Intel on Monday opened the show by announcing its key software piece for Microsoft Corp.s upcoming Speech Server release expected in the first quarter of 2004. Intel announced that beta testing has begun on the Intel NetMerge Call Manager, one of two choices Microsoft will offer for integrating into an existing telephony network through its Speech Server. The software allows application developers to construct telephone services without focusing on the telephone networks complexities.
The Santa Clara, Calif., company also announced its NetStructure Host Media Processing 1.1 software for voice-enabling enterprise applications. Developers can use it to build IP media servers for interactive voice response services, voice mail, conferencing, fax servers and other telephony applications, and the software will support as many as 120 ports per server. Available now, it costs between $20 and $112 per port depending on the functionality needed. IBM, of Somers, N.Y., will be demonstrating at the show the newest versions of its WebSphere speech products, all with support for VoiceXML 2.0, one of two proposed standards in the speech market. They are speech recognition and text-to-speech engine WebSphere Voice Server 4.2, WebSphere Voice Application Access 4.1 for integrating enterprise application for voice access and WebSphere Voice Response 3.1.5 for integrated voice response. All were announced last week.

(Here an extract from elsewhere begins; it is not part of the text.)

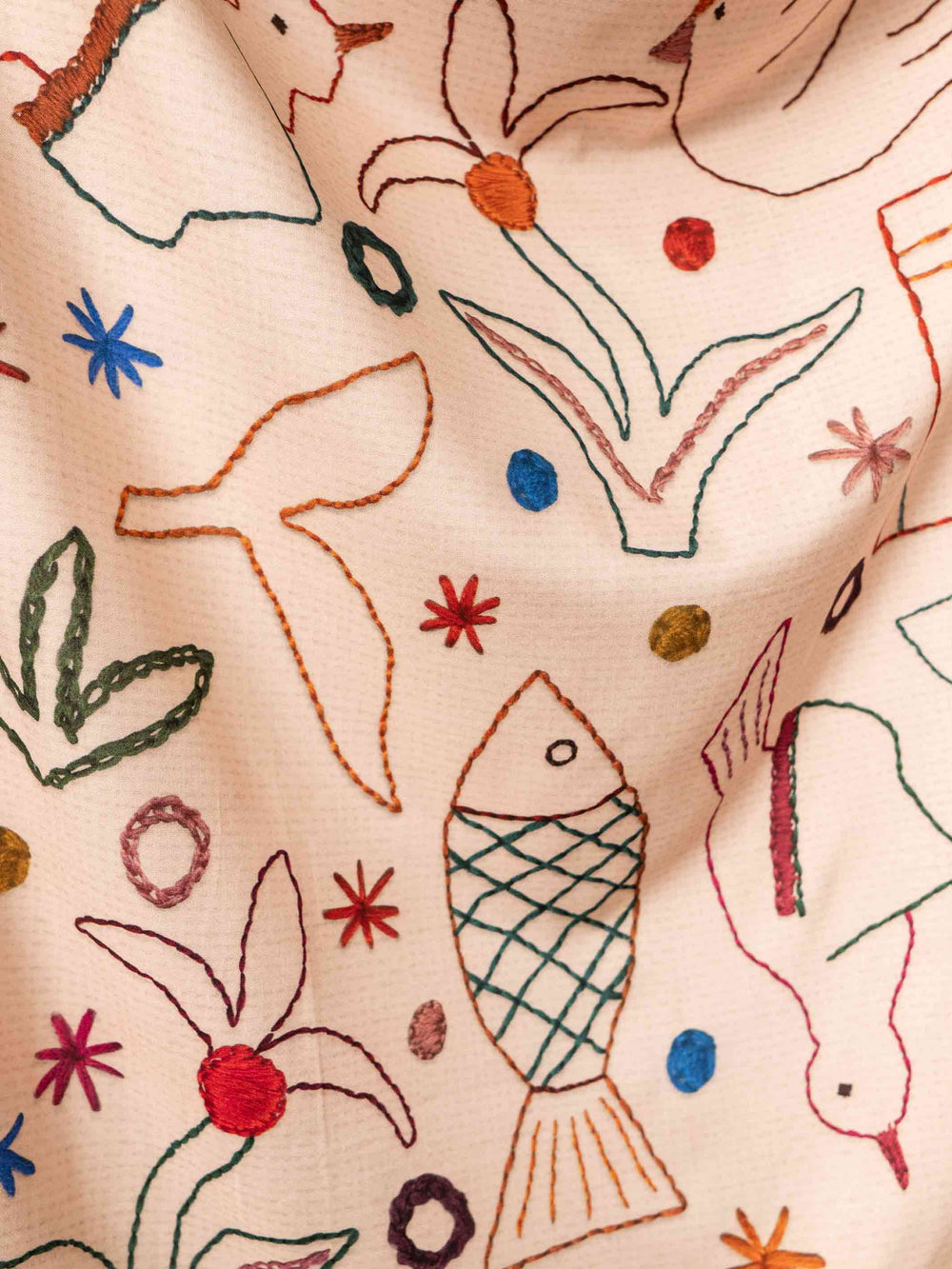 lenco_estampado_duas-design_moda-autoral_recife_pernambuco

The release builds natural language extensions into Voice Server and Voice Application Access to provide context in conversation so that a customer asking for a stock quote, for example, could also buy that stock without having to restate the stocks name a second time. Voice Server also has added Korean and Dutch to its stable of 18 supported languages.
Cepstral LLC, of Pittsburgh, is expanding its base of voices for text-to-speech this week by introducing two French Canadian ones, the male Jean-Pierre and the female Isabelle, and two playful U.S English voices, Damien and Duchess, said Chief Technology Officer and Co-Founder Kevin Lenzo. Cepstral specializes in creating voices for text-to-speech systems, particularly for running on smaller devices such as handhelds and smart phones with lower memory and processing requirements. The company expects to launch at least one new voice per quarter and to focus on North American voices, Lenzo said.

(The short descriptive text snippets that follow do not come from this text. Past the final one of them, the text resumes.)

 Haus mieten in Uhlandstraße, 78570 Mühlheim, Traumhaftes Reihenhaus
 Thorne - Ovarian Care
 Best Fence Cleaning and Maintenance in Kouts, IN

Cepstral also will be announcing the latest version of its voice engine, Theta 2.4. It will include improved voices, better support for markup languages for more natural sounding pronunciation of addresses, updated lexicons and new APIs including support for Microsofts Speech Application Programming Interface (SAPI).

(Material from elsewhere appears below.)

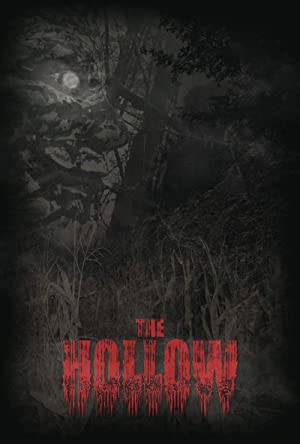 The Hollow (a horror anthology film) (2022) Full Movie Download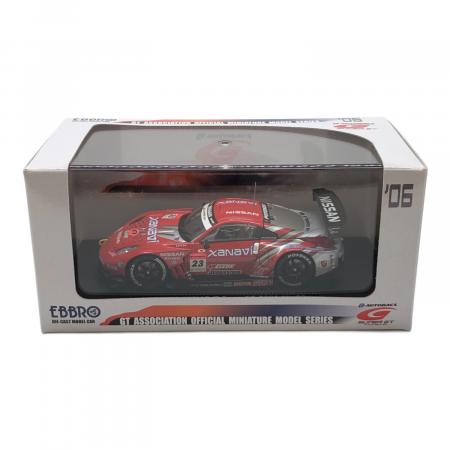 旧ソ連サモワール ヴィンテージ ソビエト サモワール - お土産ティーポット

Speech recognition vendor LumenVox LLC, of San Diego, this week is launching Version 4.0 of its Speech Driven Information System and Speech Recognition Engine. LumenVox is adding VoiceXML export capabilities to its Speech Driven Information System so an application can be ported to a VoiceXML file for Web accessibility. The latest version of the software also has improved client/server functionality and new support for Spanish, among other features, the company said. In addition, the Speech Recognition Engine adds support for Spanish as well as improved performance and support for the a-law 8-kilohertz audio format.